HDU 1312 Red and Black （深搜)

题目链接

Problem Description

There is a rectangular room, covered with square tiles. Each tile is colored either red or black. A man is standing on a black tile. From a tile, he can move to one of four adjacent tiles. But he can't move on red tiles, he can move only on black tiles.

Write a program to count the number of black tiles which he can reach by repeating the moves described above.

Input

The input consists of multiple data sets. A data set starts with a line containing two positive integers W and H; W and H are the numbers of tiles in the x- and y- directions, respectively. W and H are not more than 20.

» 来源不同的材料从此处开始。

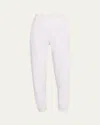 Skims Cotton Fleece Revised Classic Joggers In Light Heather Grey
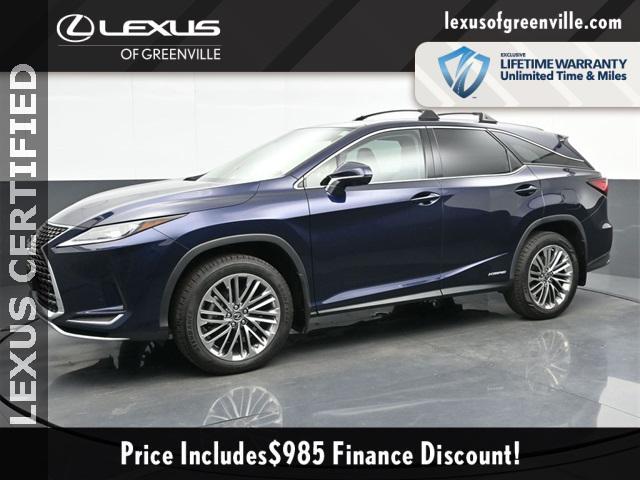 used 2022 Lexus RX 450h car, priced at $51,598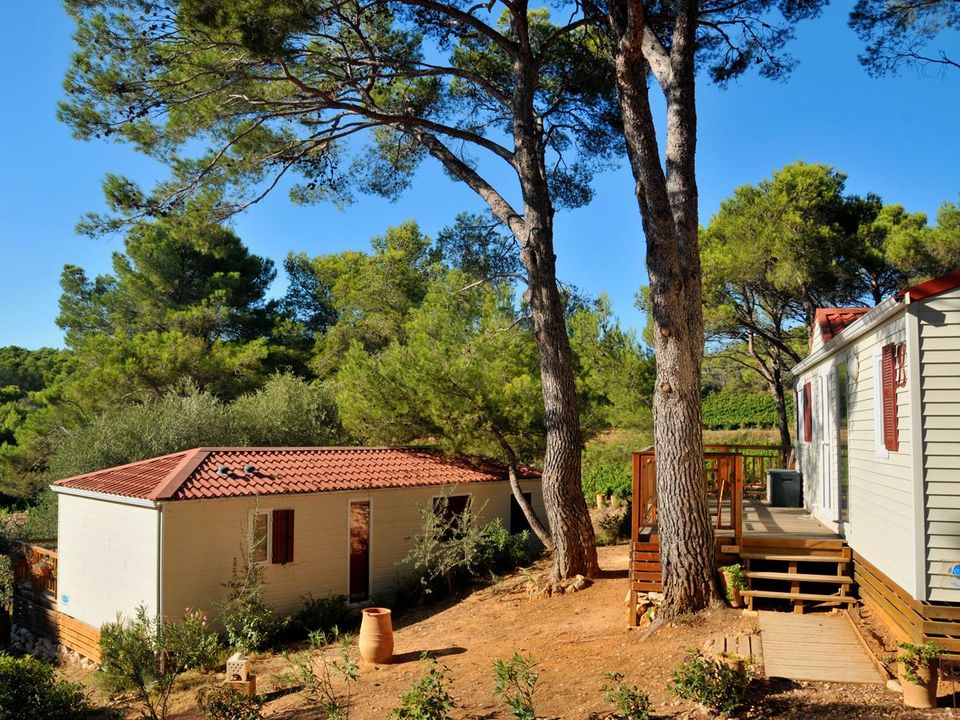 France - Languedoc - Castelnau de Guers - Camping Résidentiel La Pinède, 4*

There are H more lines in the data set, each of which includes W characters. Each character represents the color of a tile as follows.

'.' - a black tile

'#' - a red tile

'@' - a man on a black tile(appears exactly once in a data set)

Output

For each data set, your program should output a line which contains the number of tiles he can reach from the initial tile (including itself).

Sample Input

6 9
....#.
.....#
......
......
......
......
......
#@...#
.#..#.
11 9
.#.........
.#.#######.
.#.#.....#.
.#.#.###.#.
.#.#..@#.#.
.#.#####.#.
.#.......#.
.#########.
...........
11 6
..#..#..#..
..#..#..#..
..#..#..###
..#..#..#@.
..#..#..#..
..#..#..#..
7 7
..#.#..
..#.#..
###.###
...@...
###.###
..#.#..
..#.#..
0 0

Sample Output

45
59
6
13

分析：

只能够走‘.’，递归到最后，看一共有多少个可以走。

代码：

#include <iostream>
#include<string.h>
using namespace std;
int m,n;
int Next[4][2]= {{0,1},{1,0},{0,-1},{-1,0}};

int bj[21][21];
char a[21][21];
int sum=0;
void dfs(int x,int y)
{
    int nx,ny;
    for(int i=0; i<4; i++)
    {
        nx=x+Next[i][0];
        ny=y+Next[i][1];
        if(a[nx][ny]=='.'&&nx>=0&&nx<m&&ny>=0&&ny<n&&bj[nx][ny]==0)
        {
            bj[nx][ny]=1;
            sum++;
            dfs(nx,ny);
        }
    }
}

int main()
{
    int i,j,x,y;
    while(cin>>n>>m)
    {
        if(m==0||n==0)
            break;
        for(i=0; i<m; i++)
            for(j=0; j<n; j++)
            {
                cin>>a[i][j];
                if(a[i][j]=='@')
                {
                    x=i;
                    y=j;
                }
            }
        memset(bj,0,sizeof(bj));
        sum=1;
        dfs(x,y);
        cout<<sum<<endl;
    }
    return 0;
}